Pages

Tuesday 8 May 2012

Approaches to Intrusion Prevention


Approaches to Intrusion Prevention


Signature Based :-

Although Cisco uses a blend of detection and prevention technologies, signature-based IPS is the primary tool that Cisco IPS solutions use. Cisco releases signatures that are added to the device; they identify a pattern that the most common attacks present.
This tool is much less prone to false positives and ensures that the IPS devices stop common threats. This type of approach is also called pattern matching. As different types of attacks are created, these signatures can be added, tuned, and updated to deal with the new attacks.


Anomaly Based :-

This type of intrusion prevention technology is often called profile based. It attempts to discover activity that deviates from what an engineer defines as “normal.” Because it can be so difficult to define what is normal activity for a given network, this approach tends to be prone to a high number of false positives.

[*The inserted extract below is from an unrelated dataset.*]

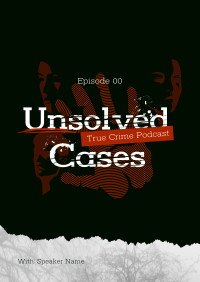 Unsolved Crime Podcast Poster Image Preview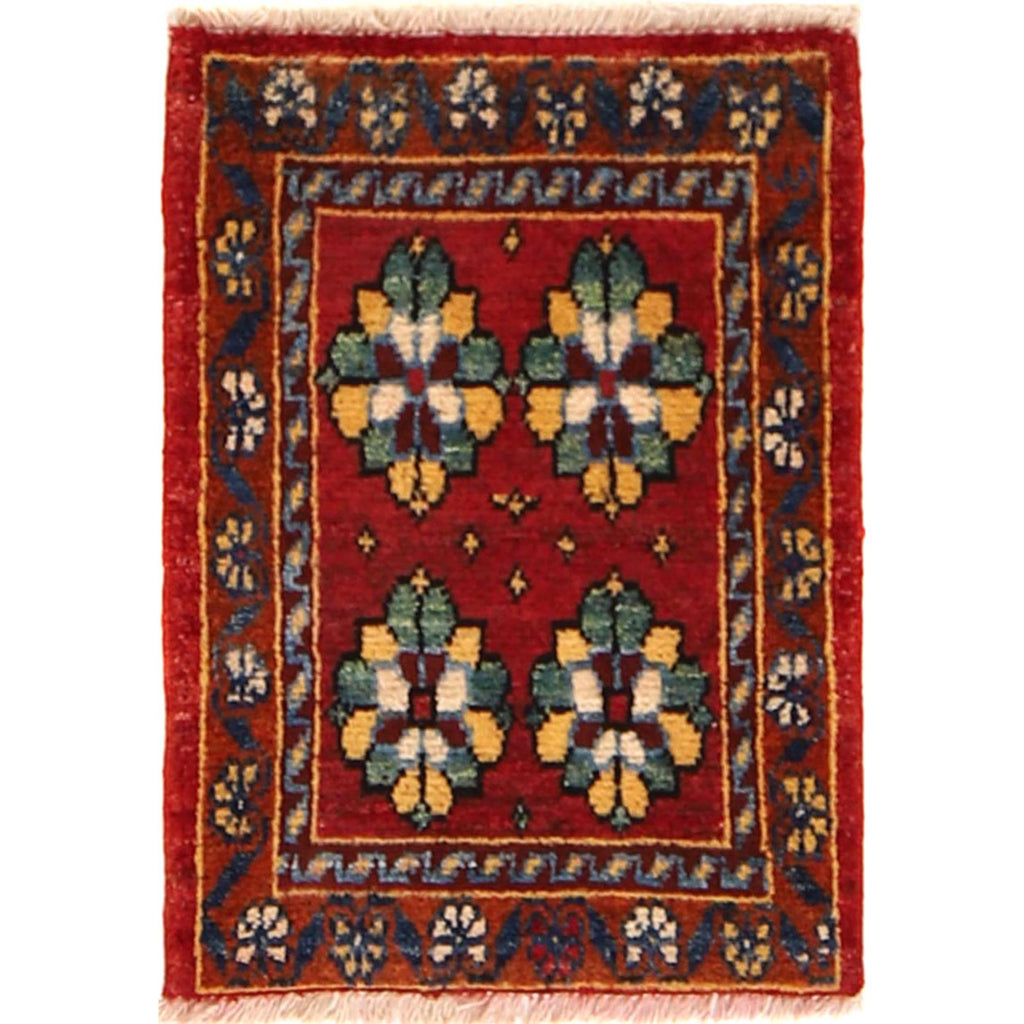 Soft Nomadic Wool Decorative Rug 1.9x1.4 ft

The two common types of anomaly-based IPSs are statistical anomaly detection and nonstatistical. The statistical approach learns about the traffic patterns on the network itself, and the nonstatistical approach uses information coded by the vendor.


Policy Based :-

With this type of technology, the security policy is “written” into the IPS device. Alarms are triggered if activities are detected that violate the security policy coded by the organization. Notice how this differs from signature based. Signature based focuses on stopping
common attacks, and policy based is more concerned with enforcing the organization’s security policy.


Protocol Analysis Based :-

This approach is similar to signature based, but it looks deeper into packets because of a protocol-based inspection of the packet payload that can occur. Whereas most signatures examine rather common settings, protocol analysis based can do much deeper packet
inspection and is more flexible at finding some types of attacks.


Reputation Based :-

This combines any of the previous approaches with knowledge of the attacker. Cisco makes extensive use of reputation-based IPS beginning with the IPS Version 7.0 software. A cloud-based database assigns a reputation score to every IP address in the world, ranging
from a positive ten to a negative ten. Hosts that have a history of malicious activity, such as attacking or performing reconnaissance activities, receive a negative score. As the sensor identifies traffic originating from negatively scored hosts, it can take stronger action
against the traffic than it might if relying only on a signature.